--- PROVIDED MATERIAL ---

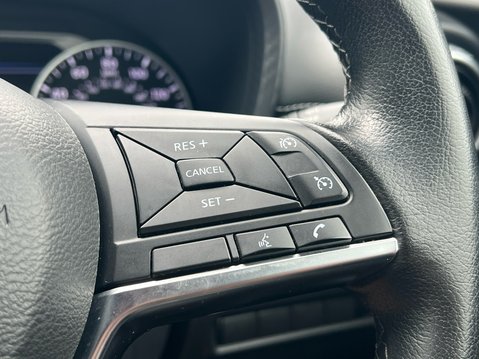 Nissan Juke N-CONNECTA 32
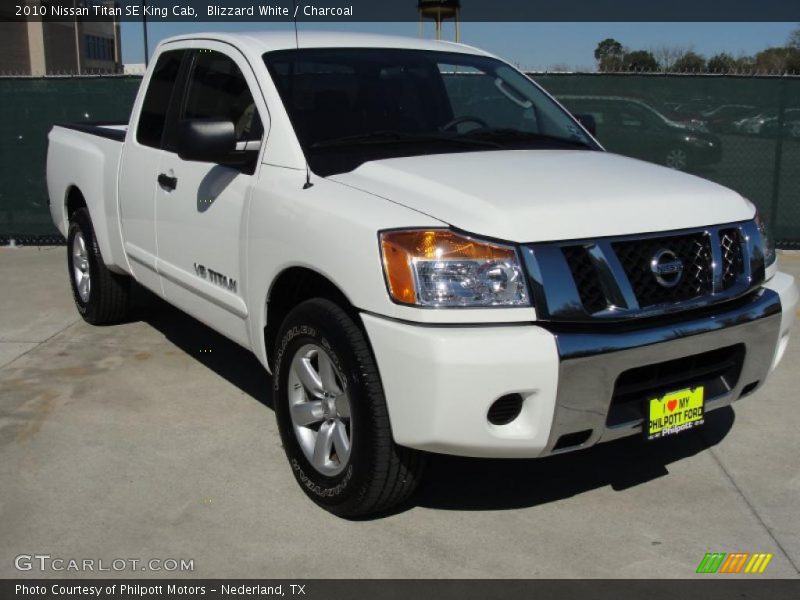 Blizzard White / Charcoal 2010 Nissan Titan SE King Cab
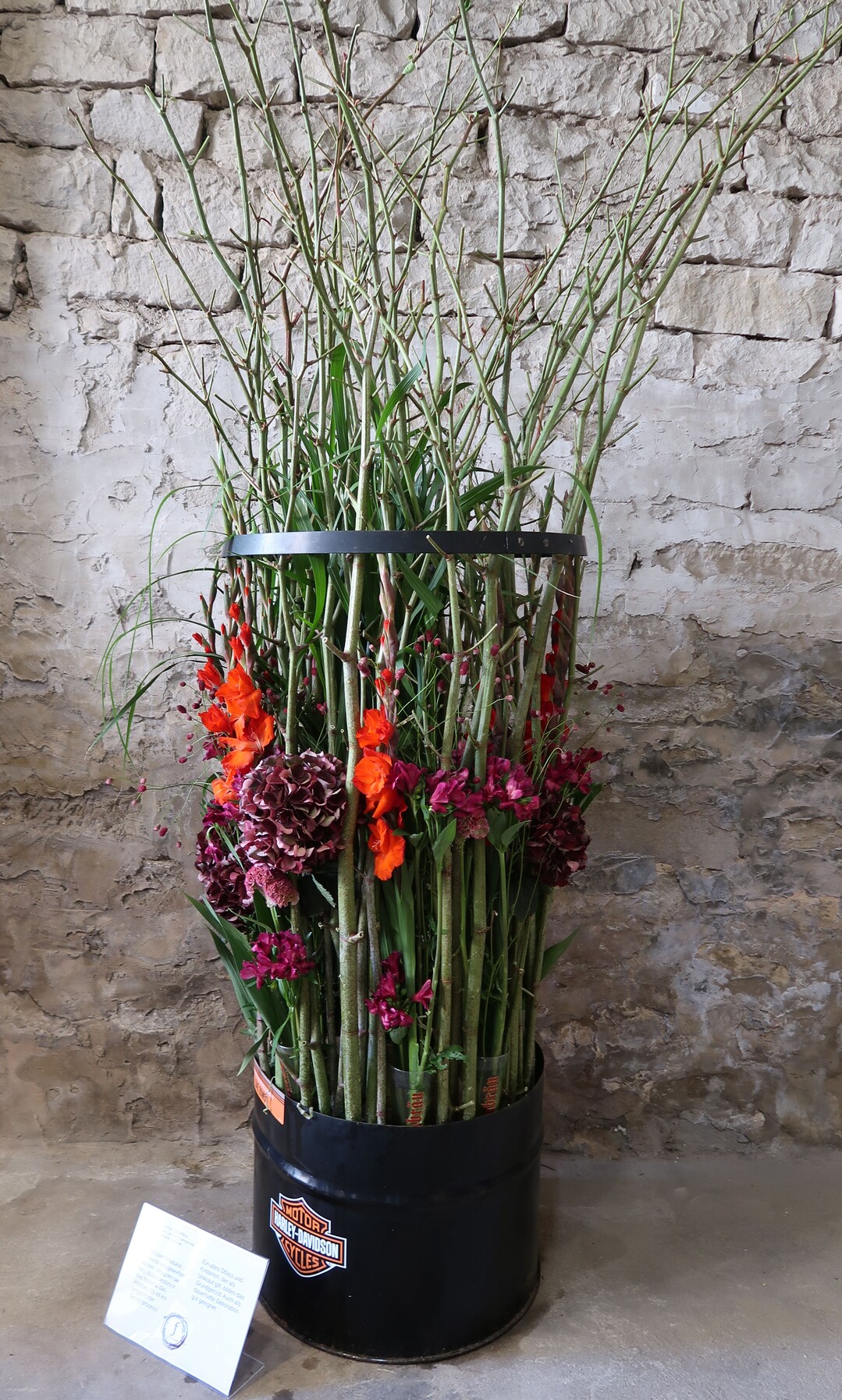 Inspiration Gartenfest  floristisches Upcycling vereint mit unserer Brauerei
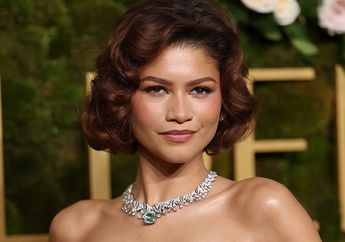 Gaya Glamor Zendaya dalam Golden Globe Awards ke-82, Mencuri Perhatian dengan Cincin Berlian di Jari Manis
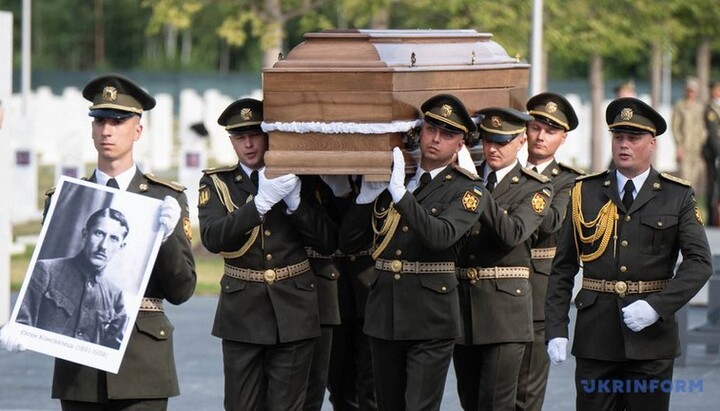 Ο Κόνοβαλετς επανενταφιάστηκε προσωρινά σε νεκροταφείο στο Κίεβο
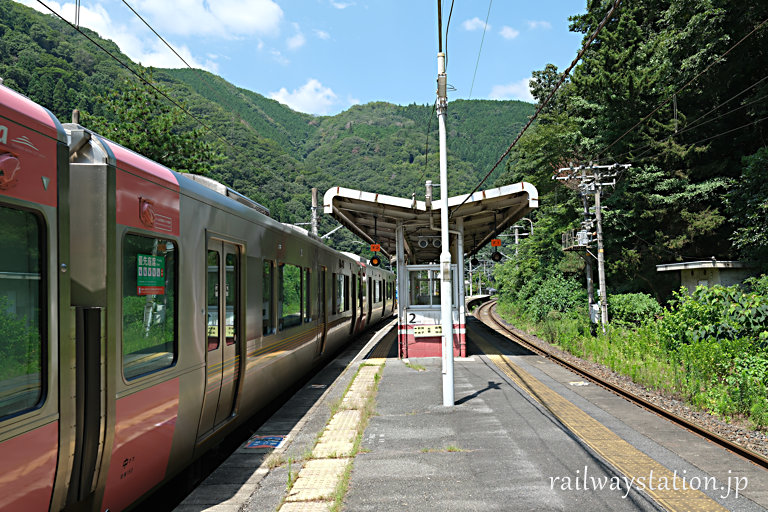 JR西日本・伯備線・方谷駅に停車する227系電車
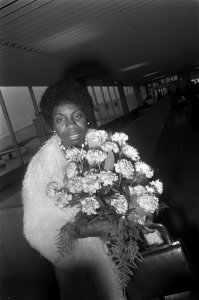 Nina Simone op Schiphol, Bestanddeelnr 922-2009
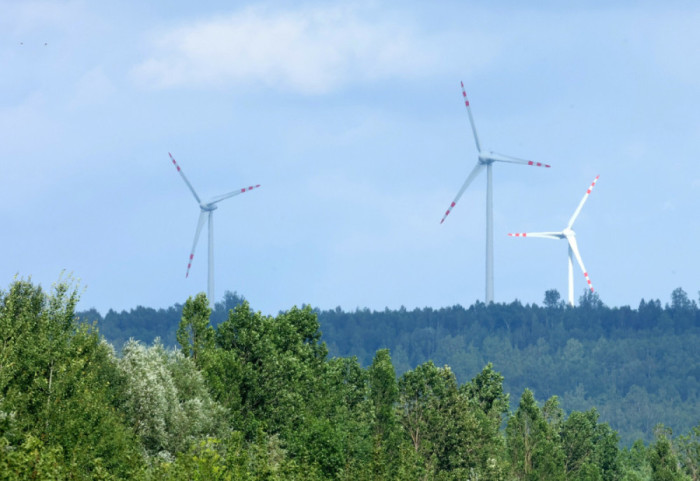 OZE w Polsce dostało zadyszki. Na ratunek konwencjonalne elektrownie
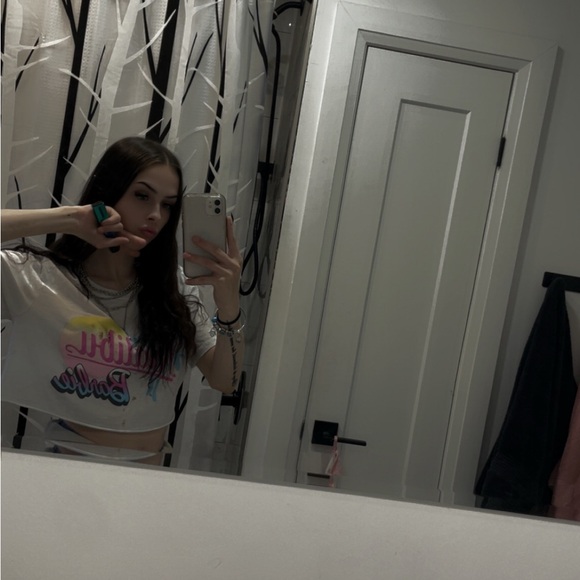 Meet your Posher, Kenzie - Picture 3 of 5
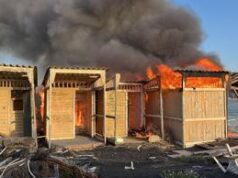 Ostia, in fiamme stabilimento La Casetta: distrutte alcune cabine – Foto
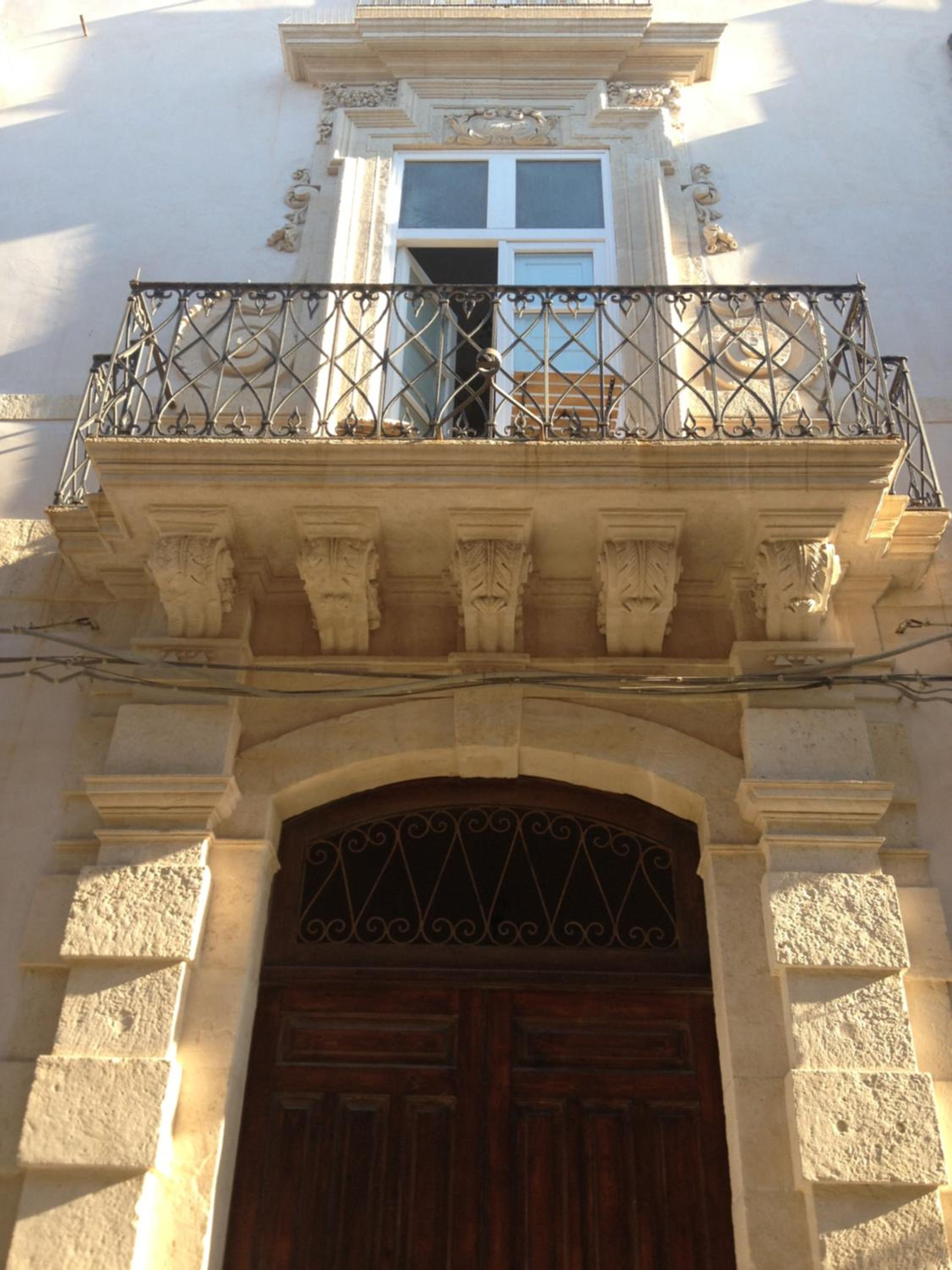 Ortigia Family House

---

PROBLEM DESCRIPTION:
Word for word, restate only the lines from the one bearing "mit unserer Brauerei" through the final line of the listing, inclusive, with no pictures.

FINISHED EXERCISE:
 Inspiration Gartenfest  floristisches Upcycling vereint mit unserer Brauerei
 Gaya Glamor Zendaya dalam Golden Globe Awards ke-82, Mencuri Perhatian dengan Cincin Berlian di Jari Manis
 Ο Κόνοβαλετς επανενταφιάστηκε προσωρινά σε νεκροταφείο στο Κίεβο
 JR西日本・伯備線・方谷駅に停車する227系電車
 Nina Simone op Schiphol, Bestanddeelnr 922-2009
 OZE w Polsce dostało zadyszki. Na ratunek konwencjonalne elektrownie
 Meet your Posher, Kenzie - Picture 3 of 5
 Ostia, in fiamme stabilimento La Casetta: distrutte alcune cabine – Foto
 Ortigia Family House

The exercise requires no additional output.